Plastic Bans

Barbados Ban on Fossil Plastics Suspensed

Barbados' ban on petro-based plastics is temporarily suspended amid the coronavirus outbreak. 

Refs Minister of Maritime Affairs and the Blue Economy, Kirk Humphrey disclosed that the usage of plastic bags locally has tripled within the past few weeks since the island recorded its first cases of the COVID-1 9 virus last month.

He revealed that on average Barbadians are using three million plastic bags a month. 

The April 1, 2020, ban was lifted after local retailers and supermarket owners expressed concern about the accessibility of plastic bags. Petro-based plastic bags were reintroduced to reduce COVID-19 contact, however, businesses had to be apply to be exempted from the ban.

“The thought of using so much petroleum-based plastic bags grinds me to the core but the idea that we will leave Barbadians exposed with no plastic bags at all because they can’t get any bio-based plastic bags grinds me to the core even more, so as a conscientious government we made the decision that we would allow the manufacturers to be able to source that resin but it has to be through an application, they have to make a case [and] say their reason and we would allow it for a certain amount of time,” explained the Minister of the Blue Economy. 

“I have spoken to all the manufacturers, [and] I was very clear with them that the country remains committed to a biodegradable future, a bio-based future, and any adjustments that we make to it will be temporary,” he further emphasized. 

Humphrey disclosed that local manufacturers will be able to only supply 1.3 million supermarket bags presently, due to the limited amount of resin available.

He detailed that it would take manufacturers approximately five months to receive the quantity of biodegradable resin needed, due to the closure of borders. 

“When we banned single-use plastic bags on April 1, none of us . . . across the world had foreseen the mammoth task before us all in dealing with COVID-19.

What COVID-19 has served to do is to disrupt supply chains all over the world so that where we were able to source our biodegradable resin from China in a few weeks, it is now very difficult in the world to be able to source this biodegradable resin and in fact, even in cases where you can source it a lot of the different markets are closed off so it has become very difficult to be able to access it,” he said. 

The Minister stated that COVID-19 has highlighted the country’s dependence on resin imports and he suggested that local entrepreneurs explore developing biodegradable resin locally in a bid to becoming “environmentally sustainable.”

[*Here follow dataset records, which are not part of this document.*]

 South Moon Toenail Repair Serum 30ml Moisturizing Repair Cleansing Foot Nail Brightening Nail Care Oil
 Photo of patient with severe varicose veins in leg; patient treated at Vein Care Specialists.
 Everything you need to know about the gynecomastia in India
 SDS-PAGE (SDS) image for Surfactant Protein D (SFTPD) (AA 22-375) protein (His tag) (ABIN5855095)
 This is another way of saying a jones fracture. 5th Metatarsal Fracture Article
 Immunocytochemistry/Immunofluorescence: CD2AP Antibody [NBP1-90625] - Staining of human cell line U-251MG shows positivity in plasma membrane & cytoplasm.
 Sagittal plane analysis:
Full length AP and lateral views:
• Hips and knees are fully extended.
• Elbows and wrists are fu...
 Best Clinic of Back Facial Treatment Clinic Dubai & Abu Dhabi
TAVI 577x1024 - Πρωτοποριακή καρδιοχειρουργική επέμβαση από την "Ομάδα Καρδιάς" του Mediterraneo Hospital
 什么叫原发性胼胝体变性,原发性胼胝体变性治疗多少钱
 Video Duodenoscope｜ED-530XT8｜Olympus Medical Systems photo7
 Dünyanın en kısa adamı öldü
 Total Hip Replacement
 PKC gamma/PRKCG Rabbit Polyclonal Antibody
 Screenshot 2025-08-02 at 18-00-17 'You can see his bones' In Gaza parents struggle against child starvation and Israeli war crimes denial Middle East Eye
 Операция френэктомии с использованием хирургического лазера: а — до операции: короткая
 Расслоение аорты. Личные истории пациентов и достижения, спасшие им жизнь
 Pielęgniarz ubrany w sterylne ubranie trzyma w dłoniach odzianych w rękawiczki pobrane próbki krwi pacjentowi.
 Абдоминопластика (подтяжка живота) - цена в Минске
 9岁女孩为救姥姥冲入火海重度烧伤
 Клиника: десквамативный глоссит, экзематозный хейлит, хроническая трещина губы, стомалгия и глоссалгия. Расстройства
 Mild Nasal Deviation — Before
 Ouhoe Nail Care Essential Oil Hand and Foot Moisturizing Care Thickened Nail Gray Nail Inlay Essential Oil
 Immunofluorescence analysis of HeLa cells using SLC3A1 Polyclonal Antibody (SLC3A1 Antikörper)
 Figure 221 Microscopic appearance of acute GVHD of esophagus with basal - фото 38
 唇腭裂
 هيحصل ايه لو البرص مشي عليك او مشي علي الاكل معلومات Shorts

“Barbados does not yet produce that natural resin that allows these things to be biodegradable and compostable . There are situations where our local manufacturers cannot source that resin on the international market, it is hard to get.

It is almost impossible for them to get. This is the conversation we need to have as a government, how do we encourage our local entrepreneurs and innovators to be able to create a resin from something Barbadian or at least the Caribbean that we can continue to be involved in the move to being environmentally sustainable.”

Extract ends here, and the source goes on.